Half-Life 2’den bu yana isminden uzunca bir müddet söz ettirecek bir FPS oyunuyla karşılaşmıyorduk ki, F.E.A.R. isimli yapım tüm düşüncelerimizi değiştirdi. Half-Life 2 kadar olmasa da, fizik motoru ve grafikleriyle dikkat çeken oyun, asıl puanı atmosferiyle kazanıyordu! Çoğunlukla karşımıza çıkan FPS’lerde, maceraya ve aksiyona ağırlık verilirken, F.E.A.R. da bu iki öğe tek bir çatıda, “korku” başlığı altında birleştiriliyordu. Böylelikle ortaya atmosferinden kendinizi alamadığınız, hep bir adım sonra ne ile karşılaşacağınızı merak ettiğiniz, korku filmlerinde görmeye alıştığımız öğelerle bezeli, oldukça başarılı bir aksiyon oyunu çıkıyordu! Bu unutulmaz yapıtın mimarı ise Monolith Studio idi.
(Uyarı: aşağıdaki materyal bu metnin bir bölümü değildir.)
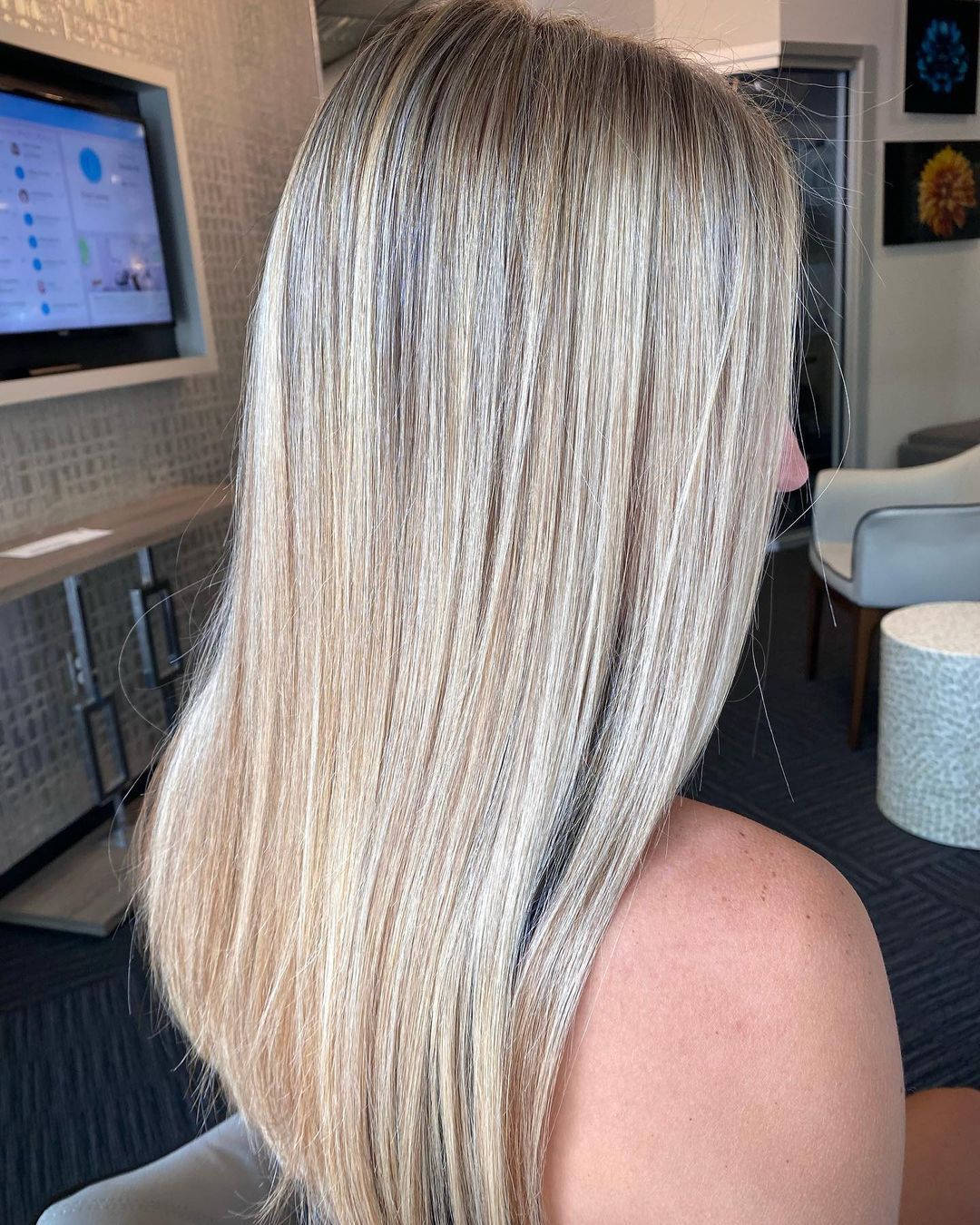a woman with blonde hair is sitting in front of a tv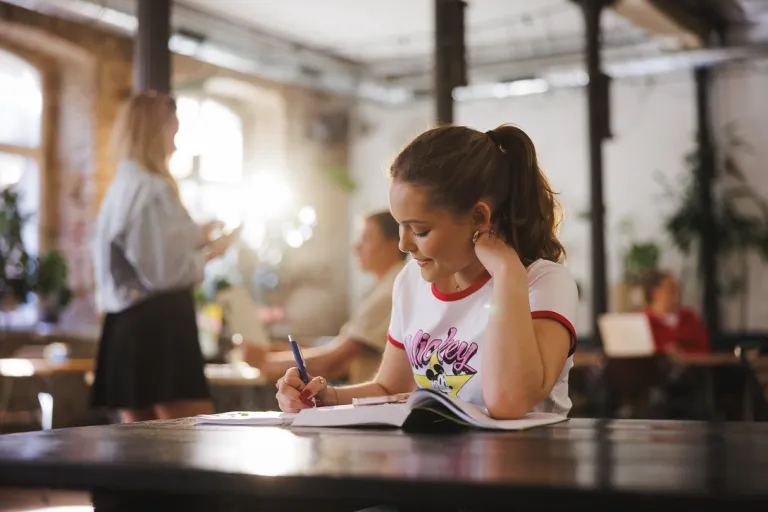 Terapia pedagogiczna z elementami integracji sensorycznej | Studia II stopnia ze studiami podyplomowymi  | Uniwersytet WSB Merito w Gdańsku: Zdjęcie studentki w kawiarni robiącej notatki 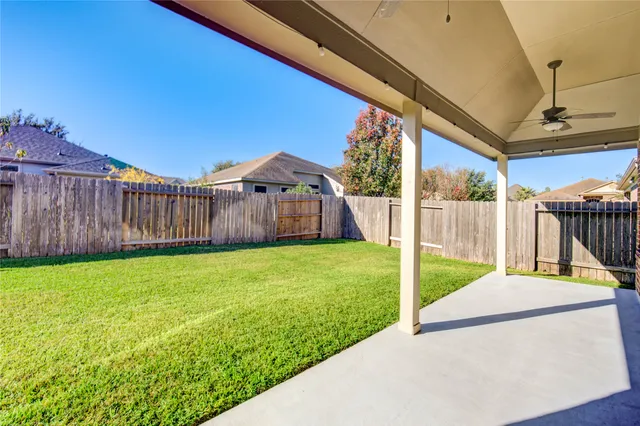 a view of a house with a yard porch and sitting area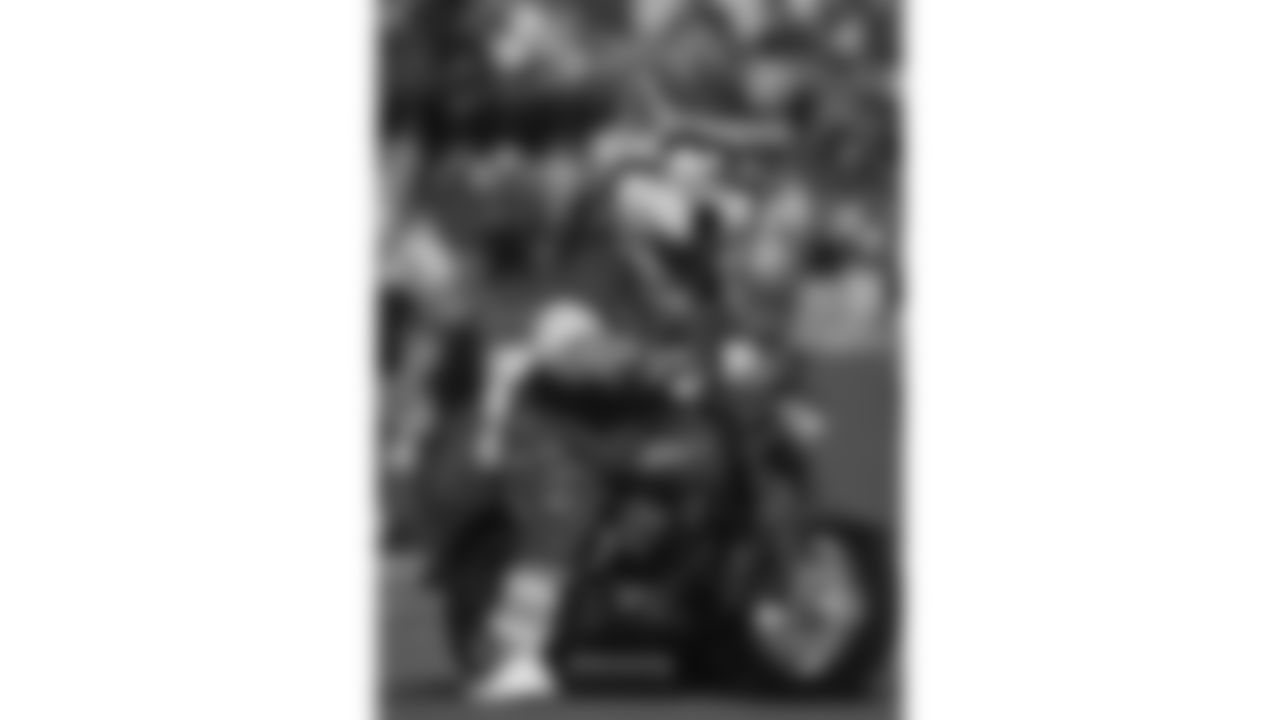 KC Wolf rides a motorcycle on the field during a 1994 NFL game.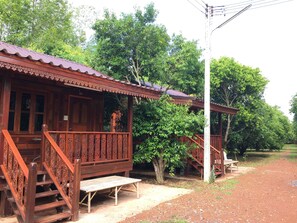 A traditional wooden building with a porch and staircase. - Ban Suan Kru Kob (Pak Phli)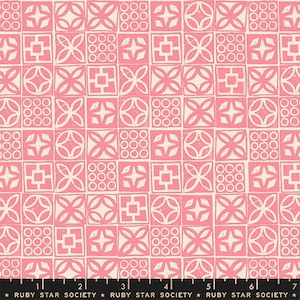May include: A repeating pattern of pink and cream-colored squares. Each square contains a different geometric design, including circles, crosses, and squares. The pattern is printed on fabric. The text "RUBY STAR SOCIETY" is printed at the bottom.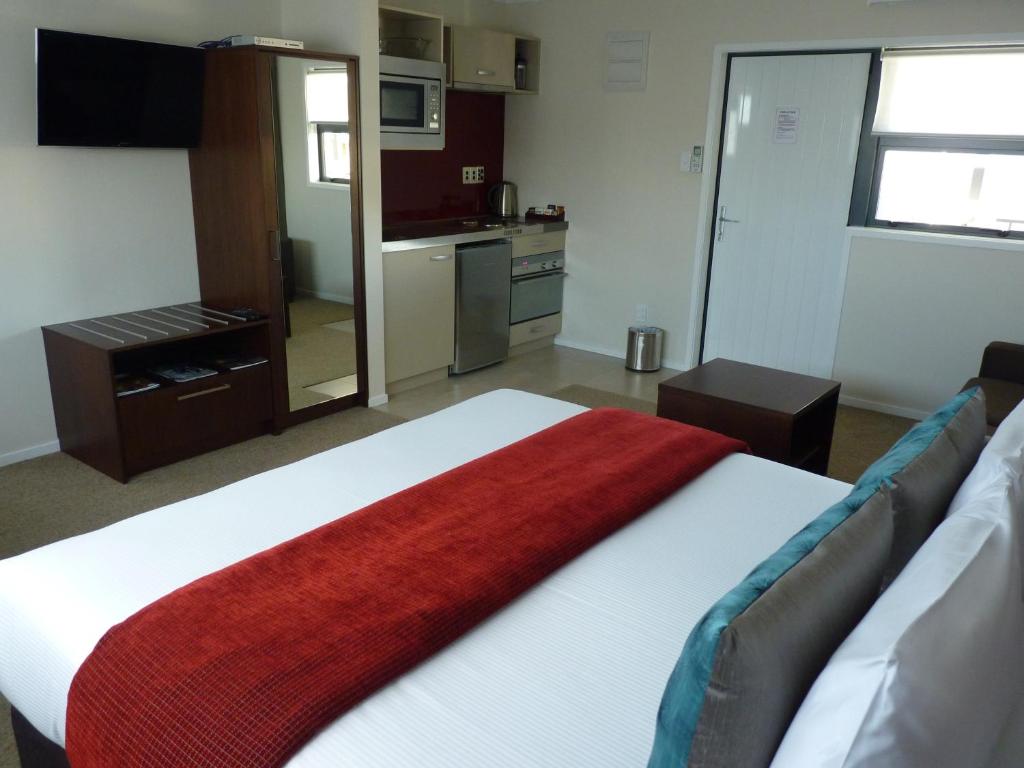 Postel nebo postele na pokoji v ubytování Astra Motor Lodge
Monolith’in F.E.A.R.’ı piyasaya sürdüğü sırada yeni bir yapım üzerinde çalıştığı biliniyordu. Condemned: Criminal Origins isimli yapıt, ilk olarak yeni nesil oyun konsolu X360 için piyasaya sürüldü. PC kullanıcıları Condemned’in çıkış tarihi olan 11 Nisan’ı beklerken, Monolith tarafından oyunla ilgili yayınlanan materyaller ile adeta sabırları deneniyordu. Ekran görüntüleri ve videolar yeni projenin ikinci bir F.E.A.R. vakası olacağı hissini verdiği gibi, korku öğelerinin daha çok psikolojik boyuta taşındığının da göstergesiydi. Nihayet geçtiğimiz günlerde beklenen an geldi ve Condemned: Criminal Origins için demo yayınlandı! Biz de vakit kaybetmeden Monolith’in yeni yapımıyla ilgili ilk izlenimleri, demo sayesinde edindik...
Ajan Thomas olay yerinde!
Condemned demo, açılışı sade bir menü ile yaptı. İlk olarak Options’a uğrayarak, ayarlarımızı kendimize göre hazırladıktan sonra New Game’e tıklayarak, kısa bir yükleme süresinden sonra oyuna ilk adımımızı atıyoruz. FBI ajanı Ethan Thomas’ı kontrol ettiğimiz yapıma, bir cinayet vakası sonrası olay mahalinde başlıyoruz. Yanımızda 2 polis memuru var. Odada bir masa, üzerinde 2 tabak, 2 kadeh ve kan izleri bulunuyor. Masanın bir başında plastik bir manken oturuyor. Diğer başında ise sandalye devrilmiş ve bir bayan, yerde yatıyor... Yanımızda bulunan Detection Tools’u ‘T’ tuşu ile kullanarak, delilleri toplamaya başlıyoruz. Önce UV Light ile Ultraviole ışın vererek, kan ve diğer organik maddeleri görebiliyoruz. Laser Light ise bize geniş alanlardaki zerreleri ortaya çıkarmamıza yarıyor. Son olarak Gas Spectrometer’da havadaki koku ve elementleri ortaya çıkartıyor. Sırayla gerekli teçhizatlarımızı olay mahalinde kullanıp, delilleri topladıktan sonra memur Dickenson duman kokusu aldığı için çevreyi araştırmaya gidiyor. Biz de onu takip ediyoruz. Henüz aksiyonla tanışmadık ama huzursuz edici bir atmosfer hakim oyuna. Her an birşeyler olabilirmiş gibi hissediyorsunuz, nitekim de öyle oluyor! Dışarıdan gelen bir ses, harekete geçmenize sebebiyet veriyor! Kontrol etmek için memur Dickenson ve Becker yangın merdiveninden aşağı iniyorlar. Biz ise bulunduğumuz katı araştırmaya başlıyoruz. Kısa bir yürüyüş sonrasında karşımıza bir saldırgan çıkıyor. Elinde çivili bir tahta parçası ile bizi öldürmeye kalkıyor. Silahla onu kolaylıkla etkisiz hale getiriyoruz. İlerledikçe dikkatimizi çevre ile etkileşim çekiyor. Tıpkı F.E.A.R.’daki gibi çevrede hareket ettirebileceğimiz nesneler var. Yine HL-2 kadar olmasa da, fizik motoru gerçekçilik hissi uyandırıyor.